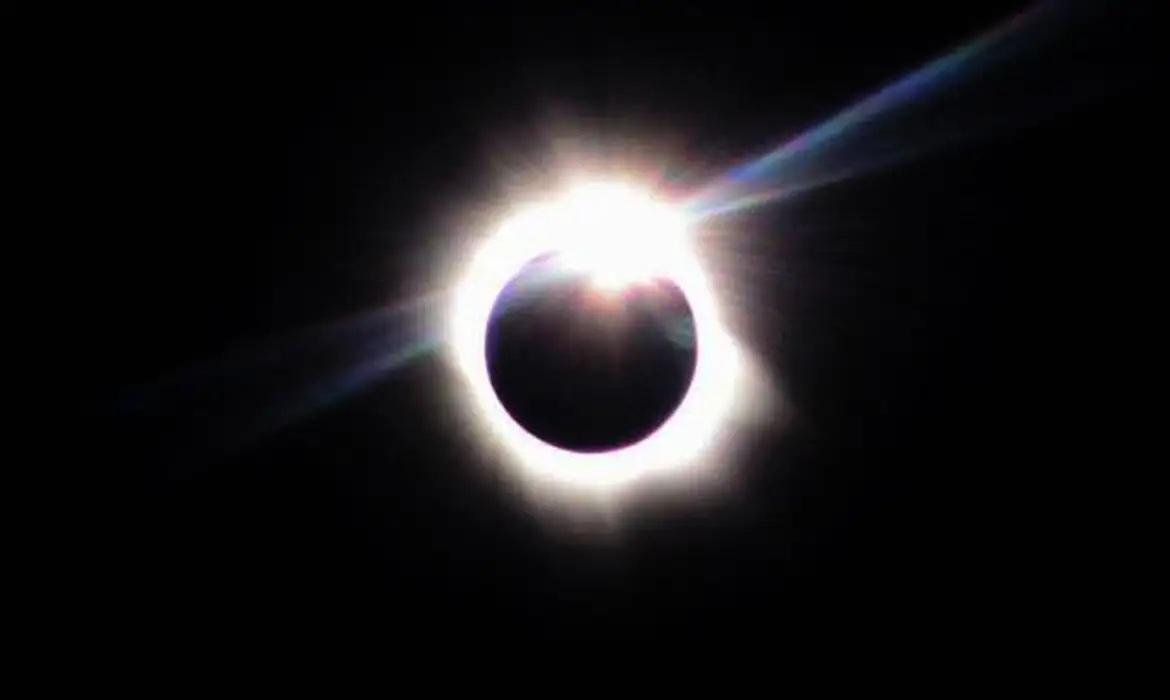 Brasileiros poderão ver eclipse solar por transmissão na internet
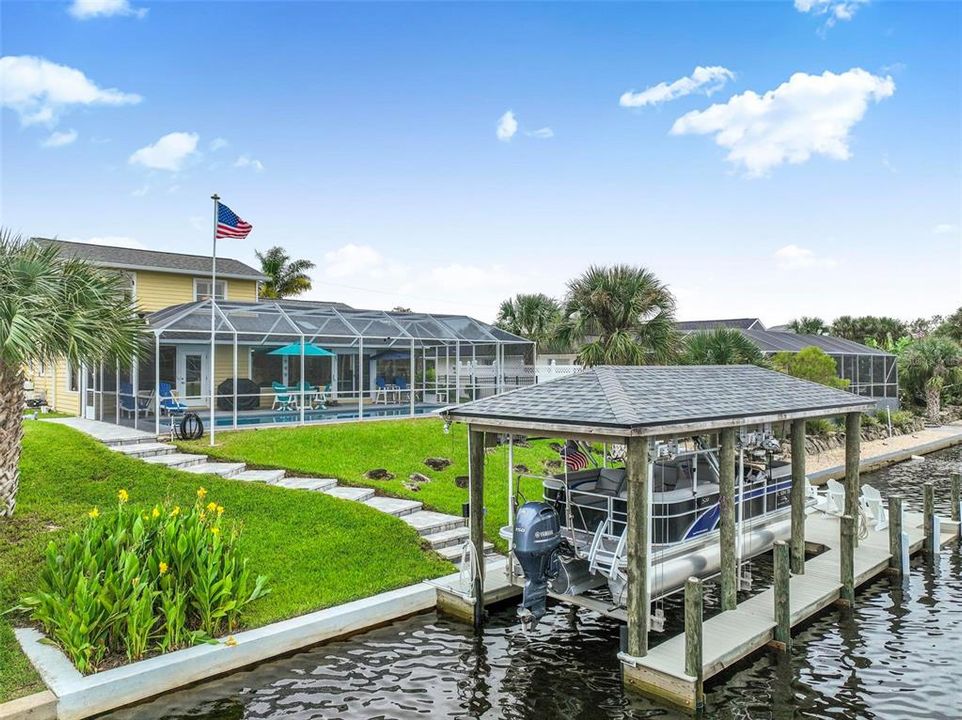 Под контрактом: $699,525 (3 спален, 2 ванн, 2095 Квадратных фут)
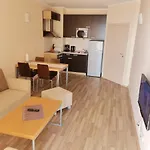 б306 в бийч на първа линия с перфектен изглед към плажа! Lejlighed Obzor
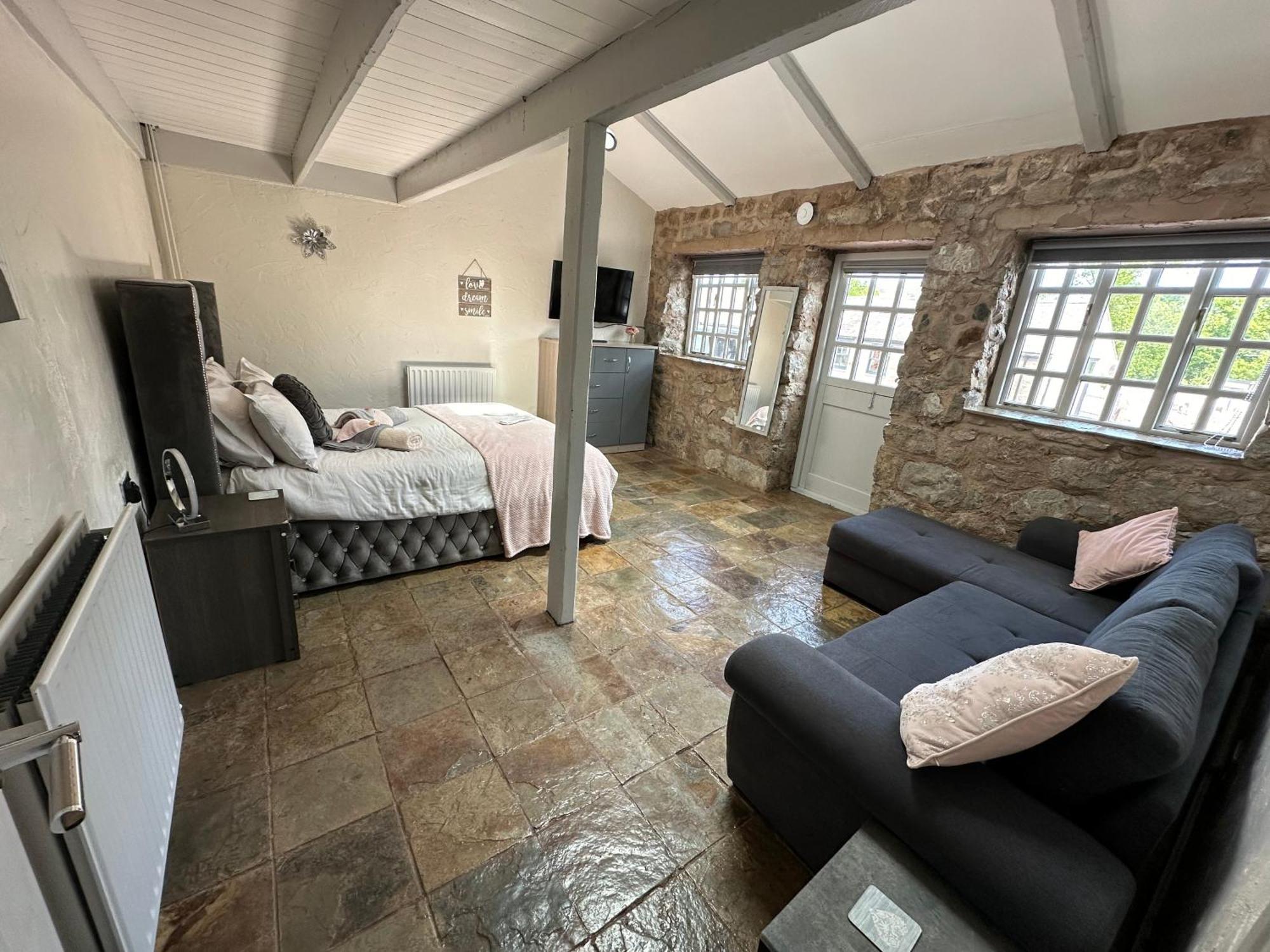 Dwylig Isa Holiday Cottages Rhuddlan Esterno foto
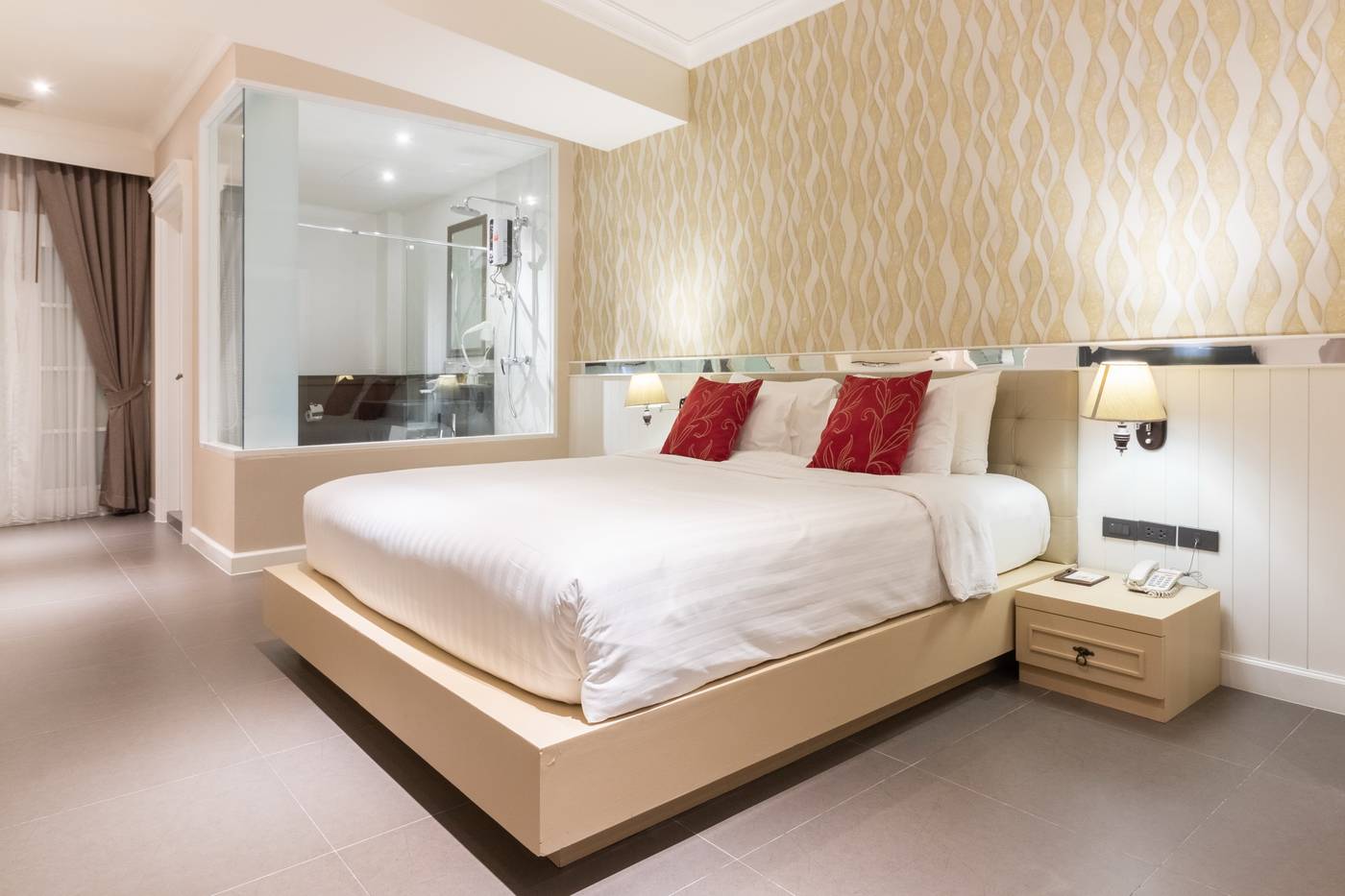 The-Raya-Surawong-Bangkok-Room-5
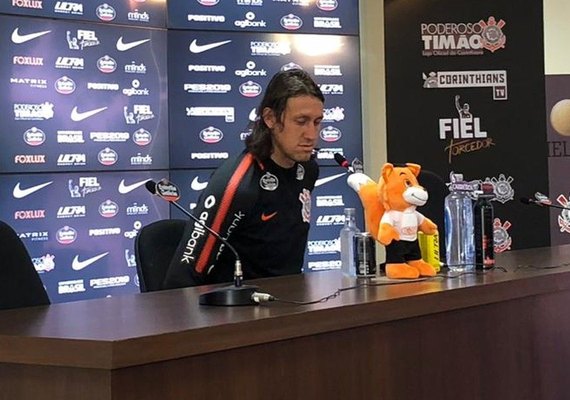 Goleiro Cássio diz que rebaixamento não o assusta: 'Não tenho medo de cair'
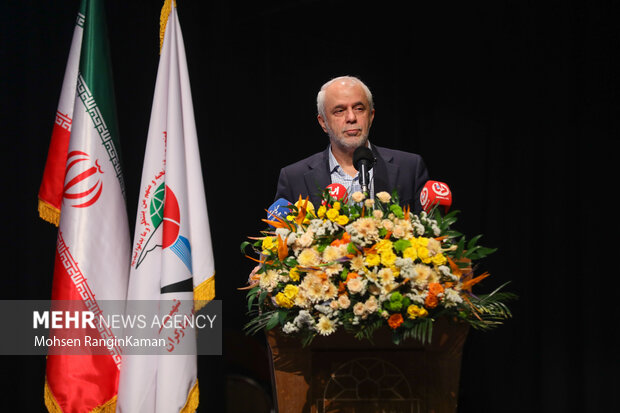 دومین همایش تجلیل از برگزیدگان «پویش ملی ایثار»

· · · · ·

Aim of the task:
Please leave the images out and retype the rest of the material exactly.

Response to this exercise:
 Brasileiros poderão ver eclipse solar por transmissão na internet
 Под контрактом: $699,525 (3 спален, 2 ванн, 2095 Квадратных фут)
 б306 в бийч на първа линия с перфектен изглед към плажа! Lejlighed Obzor
 Dwylig Isa Holiday Cottages Rhuddlan Esterno foto
 The-Raya-Surawong-Bangkok-Room-5
 Goleiro Cássio diz que rebaixamento não o assusta: 'Não tenho medo de cair'
 دومین همایش تجلیل از برگزیدگان «پویش ملی ایثار»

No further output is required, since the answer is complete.